The BSI-facing provisions deliver exactly this kind of measured upgrade. Expanding the BSI's authority to detect "specific preparatory actions" and long-term campaigns, and requiring providers to relay BSI threat warnings directly to affected users, strengthens defence without putting the state on offence (Digital Watch, 2026). For a country implementing the EU's NIS2 directive, codifying who detects, who must report, and who must warn is the unglamorous plumbing that actually reduces breach dwell time. We support that part without reservation.
Where proportionality breaks
The problem is the leap from defending German networks to reaching into infrastructure "located outside Germany." Offensive cyber operations carry three failure modes that the draft does not adequately contain.
- Misattribution. Attribution in cyberspace is probabilistic, not forensic. Attackers routinely route through compromised third-party machines — a university in Brazil, a small business in Poland. "Destroying" attacker infrastructure can mean destroying an innocent victim's server, sometimes inside an allied jurisdiction, on the strength of an inference.
- Collateral damage. Disrupting shared hosting or a DNS resolver to disable one malicious actor can take down unrelated services that depend on it. The independent expert statement submitted on the bill warns specifically of "collateral damage, misattribution, and the proliferation of cyber tools" (interface, 2026).
- Diminishing returns. The same analysis notes that takedown operations "typically only slow down adversaries rather than stop them," because infrastructure is cheap to rebuild. Resilience scales; whack-a-mole against foreign servers does not.
There is also a sovereignty cost the bill underplays. A German police agency reaching into a server in another country is an intrusion into that state's jurisdiction. Done unilaterally and covertly, it invites reciprocal claims from Beijing and Moscow that their own cross-border operations are merely "active defence" too. Germany would be normalising the exact behaviour it is trying to deter.
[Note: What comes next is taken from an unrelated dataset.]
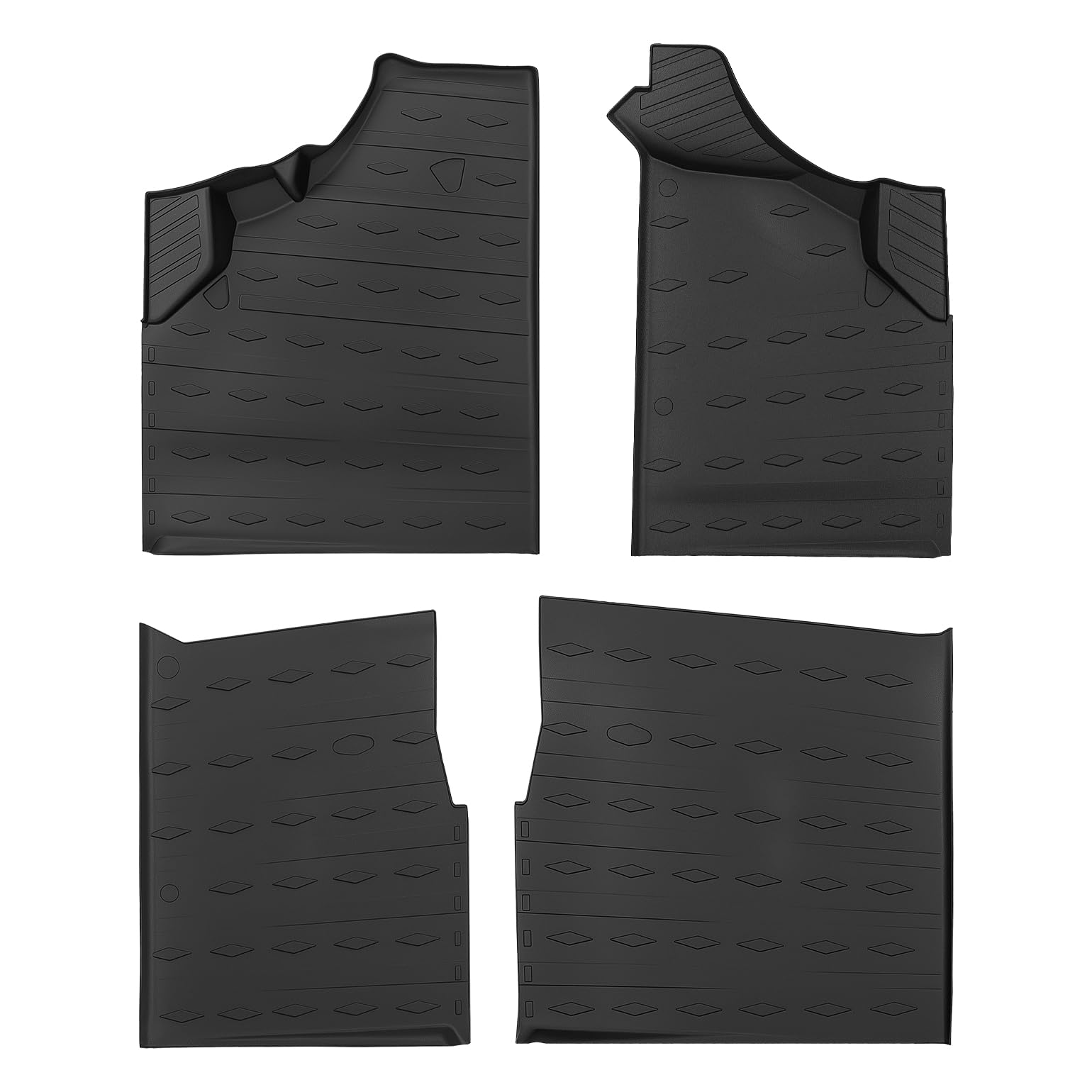 KEMIMOTO Floor Mats 4pcs Compatible with 2020-2026 Can-Am Defender MAX HD 7/8/9/10 Anti-Slip All-Weather Protection TPE Rubber Floor Liners for Front and Rear Seats (with Corner Cut)
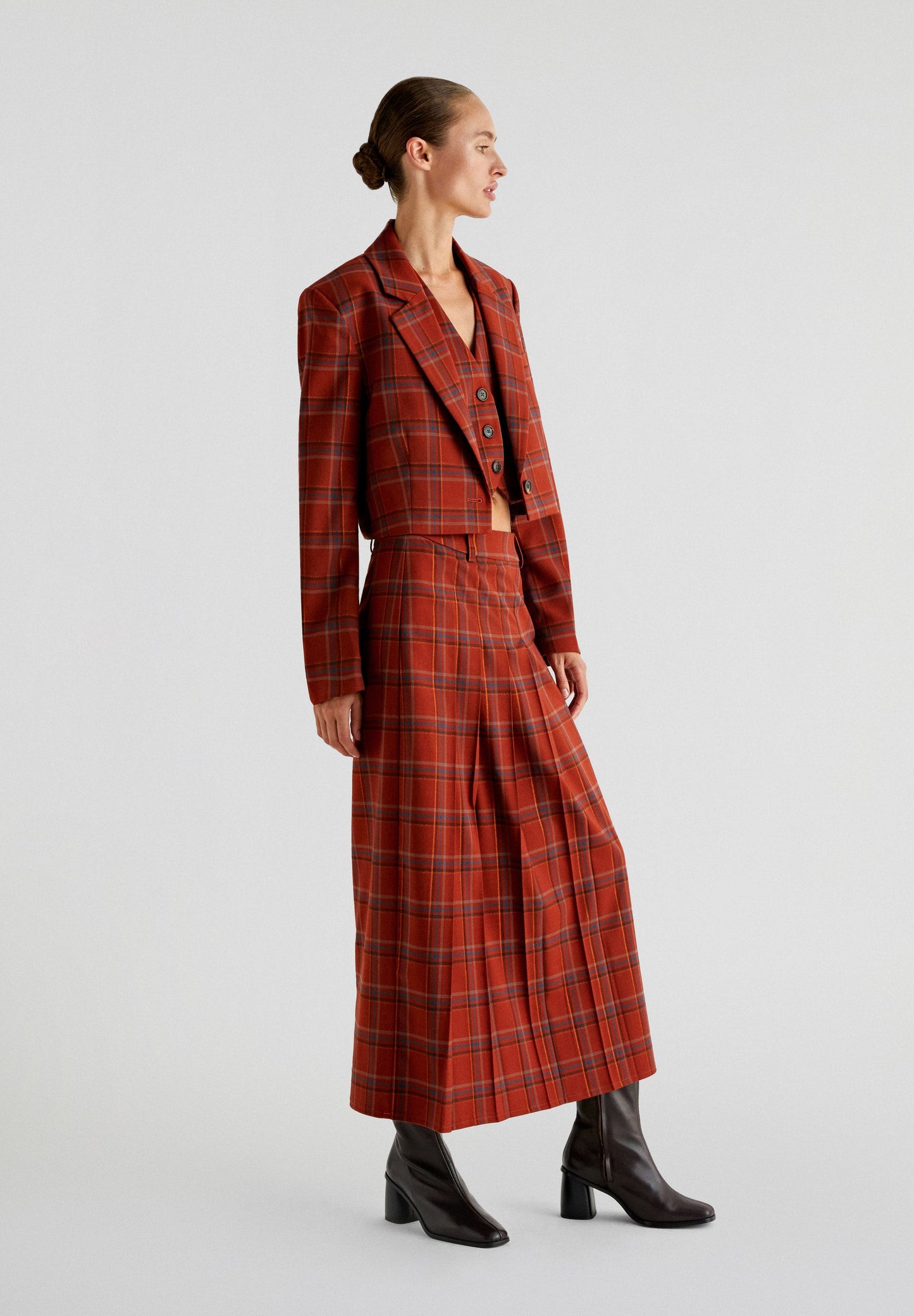 TERRACOTTA CHECK SKIRT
The oversight gap is the real flaw
None of this means active defence is illegitimate. It means the supervisory architecture has to match the power. Here the draft is thin. The interface statement flags "parallel responsibilities with insufficient coordination," the absence of "clear provisions on transparency, oversight, and governance," and a federalism problem — public security is traditionally a state (Länder) competence, and concentrating offensive cyber power federally raises constitutional questions about whether the proposed thresholds meet German basic-law standards.
A proportionate version of this bill is not hard to describe. Cross-border disruption should require prior judicial authorisation against a defined, high-harm threshold — not the same standard as redirecting domestic traffic. Every executed measure should be logged and reported to a parliamentary oversight body, with after-the-fact notification to affected innocent parties where feasible. And the government should publish a vulnerability-handling policy, so the BSI's defensive mission is not quietly compromised by an offensive appetite for unpatched holes.
Bottom line
The Bundestag should pass the detection, reporting, and warning provisions largely as drafted — they are evidence-based, proportionate, and good for the open internet. But the cross-border offensive powers should not clear the chamber without judicial gatekeeping, mandatory transparency reporting, and a clear collateral-damage standard. Germany is right that the status quo is too passive. It would be wrong to fix that by handing its police a global kill switch with domestic-grade supervision.